(MENAFN - Arab News) Southern separatists in Yemen set fire to a tent camp housing anti-government protesters in the port city of Aden, witnesses said on Sunday, in opposition to an election this month to replace outgoing President Ali Abdullah Saleh.
Southern separatists joined protesters calling for Saleh to leave last year, but the two sides have since grown apart. The separatists want to revive a southern socialist state that was united with the north in 1990. They fear the Feb. 21 election will not serve their goal.
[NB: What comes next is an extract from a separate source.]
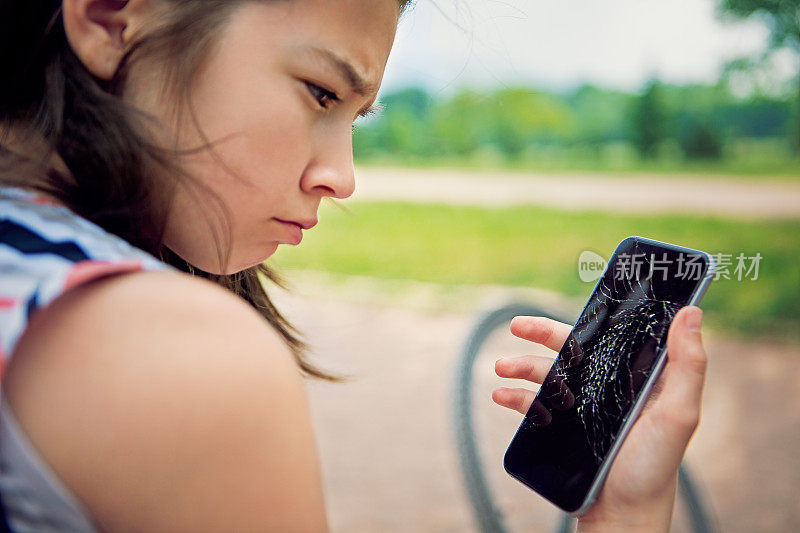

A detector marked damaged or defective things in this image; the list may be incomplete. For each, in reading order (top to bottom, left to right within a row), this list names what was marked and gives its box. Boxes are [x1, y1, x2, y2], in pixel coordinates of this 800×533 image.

shattered phone glass [506, 237, 712, 512]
Anti-Saleh demonstrators broadly back the vote as a step toward ending his 33-year rule. Witnesses said hundreds of separatists marched through Aden, in southern Yemen, late on Saturday, setting fire to tents in the camp of about 100 protesters. About 10 people were injured.
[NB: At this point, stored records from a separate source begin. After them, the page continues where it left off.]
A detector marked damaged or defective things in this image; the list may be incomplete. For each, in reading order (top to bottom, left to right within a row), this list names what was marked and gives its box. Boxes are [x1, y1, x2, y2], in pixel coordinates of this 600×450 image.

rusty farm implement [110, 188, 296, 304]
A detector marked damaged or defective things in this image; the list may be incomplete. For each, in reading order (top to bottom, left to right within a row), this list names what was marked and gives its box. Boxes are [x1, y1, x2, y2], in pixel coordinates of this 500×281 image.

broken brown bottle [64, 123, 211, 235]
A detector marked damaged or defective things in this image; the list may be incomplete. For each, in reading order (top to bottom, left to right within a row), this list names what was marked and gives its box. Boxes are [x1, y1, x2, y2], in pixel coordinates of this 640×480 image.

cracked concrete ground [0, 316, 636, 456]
Weakened by months of protests, the Yemeni government has lost control of whole chunks of the country.
Saudi Arabia and the United States are keen for the election to go ahead, fearing protracted instability in Yemen is giving Al-Qaeda's Yemen-based wing room to expand their foothold there, near oil shipping routes through the Red Sea.
But northern rebels have said they too will boycott the vote, in which acting leader Abd-Rabbu Mansour Hadi is the sole candidate to fill Saleh's position.
Saleh is in the United States receiving medical treatment for injuries inflicted during an assassination attempt on him, but has said he will return home before the vote, shedding doubt on his commitment to leave office in line with a Gulf-brokered plan to end a year of political upheaval.
The Southern separatists accuse northerners of monopolizing power and usurping their resources.
Three separatist groups issued a statement denouncing the tent camp attack as a northern ploy to weaken the southern campaign for independence. "We ask all sides not to be dragged into a colonialist plot aimed at turning the struggle of our people against the (northern) colonizer into a south-south struggle," they said in a statement. Saleh's forces crushed a southern attempt to break away in 1994.
Al-Qaeda's Yemen branch, strongly active in the south of the nation, executed three people on Sunday accusing them of spying on its operations, witnesses said.
Two of them were accused of planting tracking devices in the vehicles of fellow Al-Qaeda in the Arabian Peninsula (AQAP) militants and of providing Yemeni authorities, and the US intelligence services, with information.
They were publicly shot dead in front of dozens of residents after the accusations against them were read out, the witnesses said.
AQAP loyalists control large swathes of both provinces after taking advantage of a decline in central government authority during the anti-government protests that swept the country last year.